This is a limiting reactant problem.
Step 1. Write the balanced equation.
#"C"_3"H"_8 + "5O"_2 → "3CO"_2 + "4H"_2"O"#
2. Identify the limiting reactant
One way to identify the limiting reactant is to calculate the number of molecules of product each reactant will give.
From #"C"_3"H"_8#:
#3 color(red)(cancel(color(black)("molecules C"_3"H"_8))) × ("3 molecules CO"_2)/(1 color(red)(cancel(color(black)("molecule C"_3"H"_8)))) → "9 molecules CO"_2#
From #"O"_2#:
#10 color(red)(cancel(color(black)("molecules O"_2))) × ("3 molecules CO"_2)/(5 color(red)(cancel(color(black)("molecules O"_2)))) → "6 molecules CO"_2#
#"O"_2# is the limiting reactant because it gives fewer molecules of #"CO"_2#.

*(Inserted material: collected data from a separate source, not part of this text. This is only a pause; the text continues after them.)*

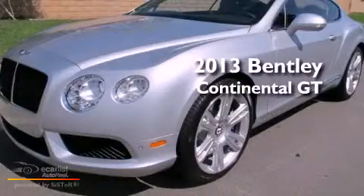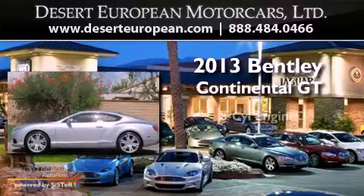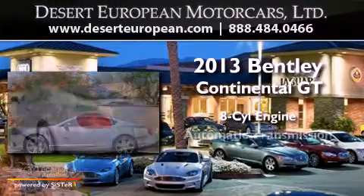This is a brand new 2013 Bentley Continental GT. It features an eight-cylinder engine and an automatic transmission.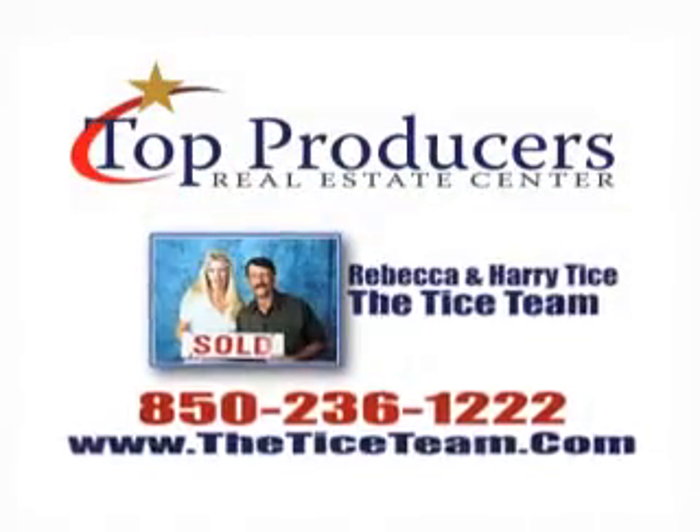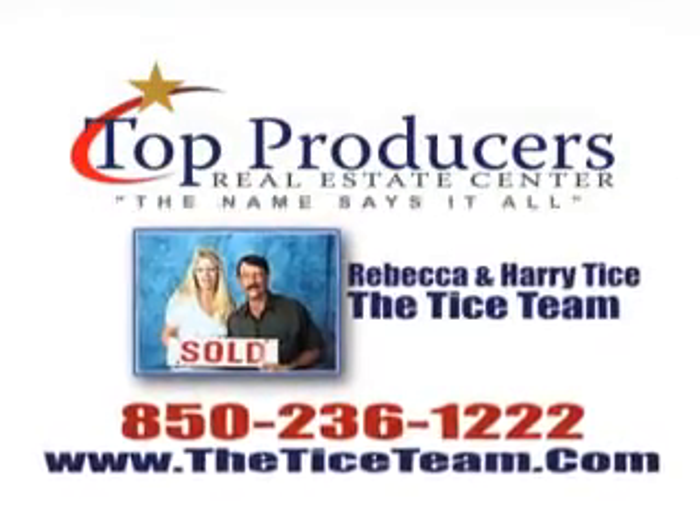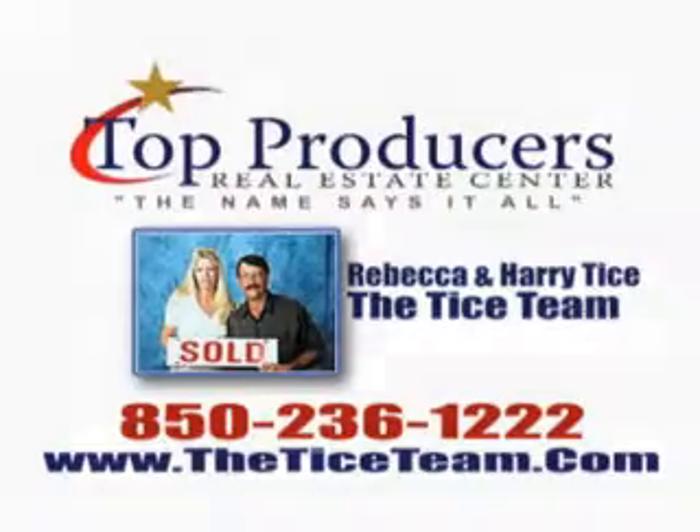The Dunes of Panama is still one of the best Gulf-front complexes in the Thomas Drive area. For more information on this great buy, call the Tice Team at 236-1222. Thanks for watching the show.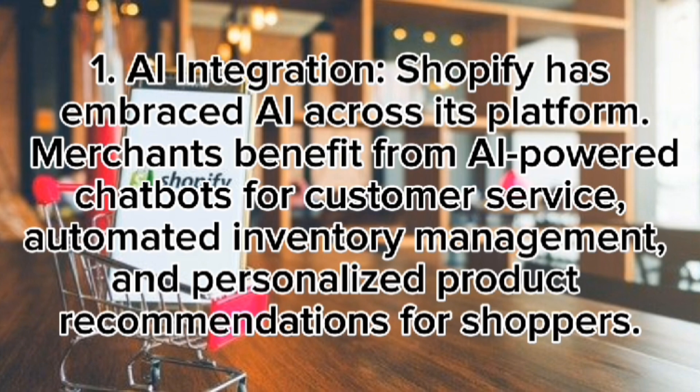Key features of Shopify in 2025. AI integration: Shopify has embraced AI across its platform. Merchants benefit from AI-powered chatbots for customer service, automated inventory management, and personalized product recommendations for shoppers. Omnichannel selling: Shopify enables businesses to sell across multiple channels, including online stores, social media, marketplaces like Amazon and eBay, and physical retail stores.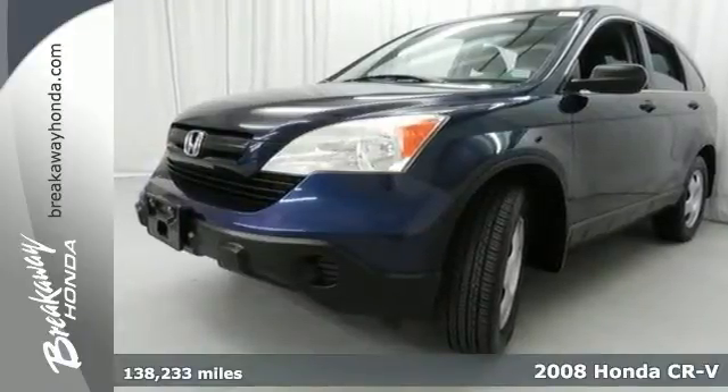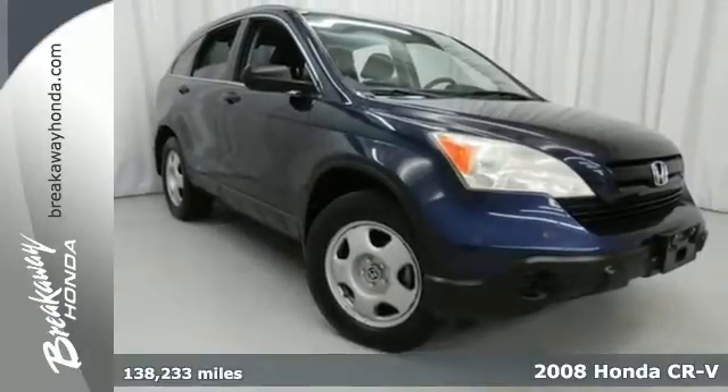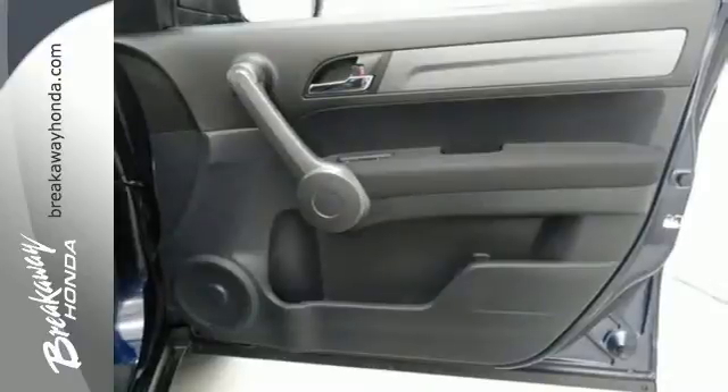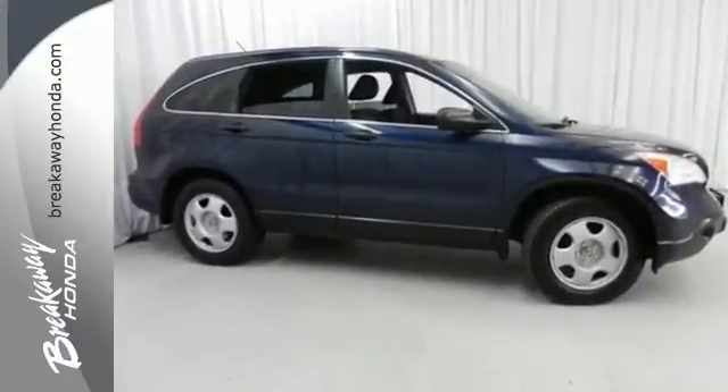Here's a 2008 Honda CR-V. Standard features include an input jack for MP3 players, a lightweight overhead lift gate, an underfloor spare tire, and a peppy 2.4-liter inline four-cylinder engine.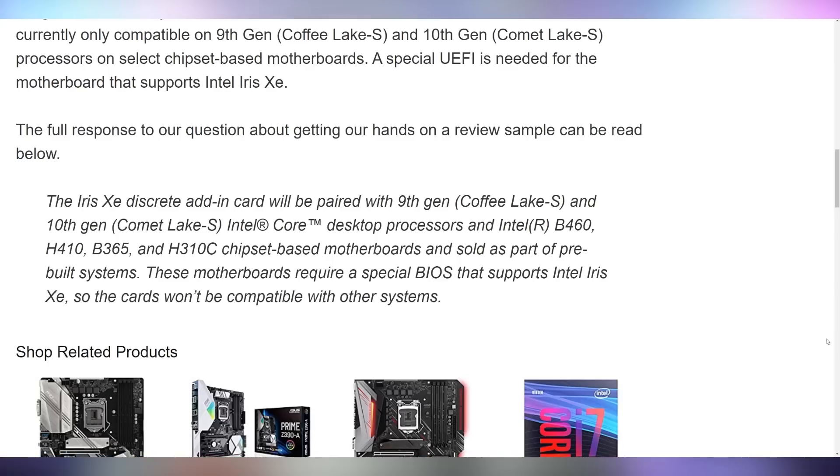It's not unprecedented that they are making an OEM-only launch — just like the GTX 800 series was on laptops only. But according to Legit Review, who contacted Intel to find out if they could get these cards for review, it turns out that they can only be paired with ninth and tenth gen processors on B460, H410, B365, or H310C chipset motherboards, because they require a special BIOS that supports Intel Iris Z graphics. Z490 and Z590 — the high-end chipsets — are not included. I actually haven't heard of this in recent history where a GPU can only be run on very, very select systems. This is kind of crazy.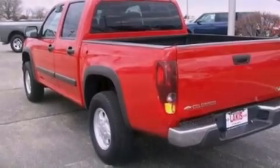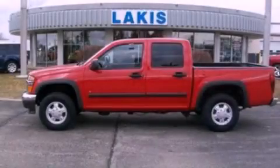This automobile won't last long at this price. Call and arrange a test drive now.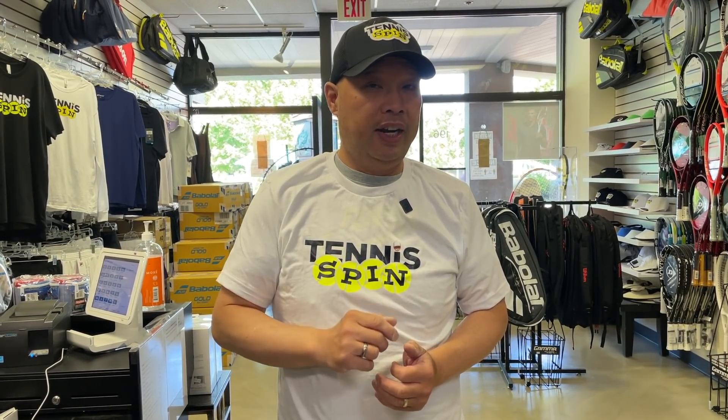Welcome to Tennis Spin, where we put our spin on your tennis. Question of the day: do you have a favorite racket? Well, of course you do, right? But do you have a favorite racket out of your bunch of rackets?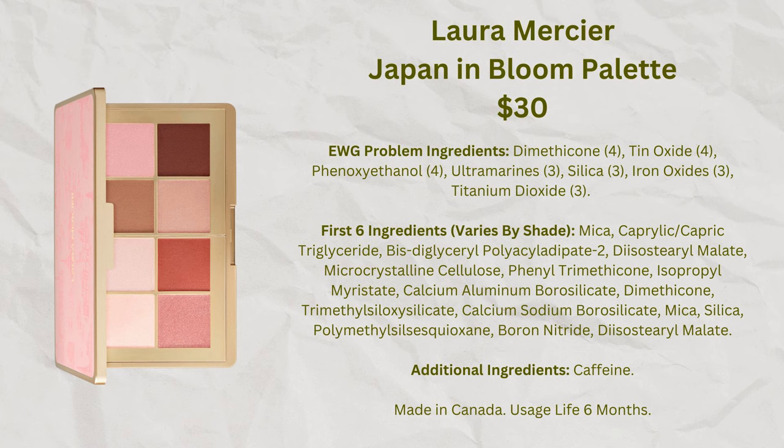My most enthusiastic recommendation from Laura Mercier is the Japan in Bloom eyeshadow palette — not available at Sephora, only on their website. It's a small compact about the size of an iPhone with eight beautiful, soft, wedding-type colors that go on and stay on beautifully. It only costs $30 and comes in a really cute case. It's highly overlooked but gets great reviews on the Laura Mercier site, and I did a full video on it because I liked it so much.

Step 3. Calculate the molecules of #"H"_2"O"#
#"Molecules of H"_2"O" = 10 color(red)(cancel(color(black)("molecules O"_2))) × ("4 molecules H"_2"O")/(5 color(red)(cancel(color(black)("molecules O"_2)))) = "8 molecules H"_2"O"#
Step 4. Calculate the molecules of #"C"_3"H"_8# used up
#"Molecules of C"_3"H"_8 color(white)(l)"reacted" = 10 color(red)(cancel(color(black)("molecules O"_2))) × ("1 molecule C"_3"H"_8)/(5 color(red)(cancel(color(black)("molecules O"_2)))) = "2 molecules C"_3"H"_8#
Step 5. Calculate the molecules of #"CO"_2# in excess
#"Excess CO"_2 = "3 molecules CO"_2 - "2 molecules CO"_2 = "1 molecule CO"_2#
When the reaction goes to completion, we will have 1 molecule of #"C"_3"H"_8#, 0 molecules of #"O"_2#, 6 molecules of #"CO"_2#, and 8 molecules of #"H"_2"O"#.
Check:
#color(white)(m)"3C"_3"H"_8 + "10O"_2 = "1C"_3"H"_8 + "6CO"_2 + "8H"_2"O"#
#"9C + 24H + 20O = 9C + 24H + 20O"#
It checks! We have the same number of atoms before and after the reaction.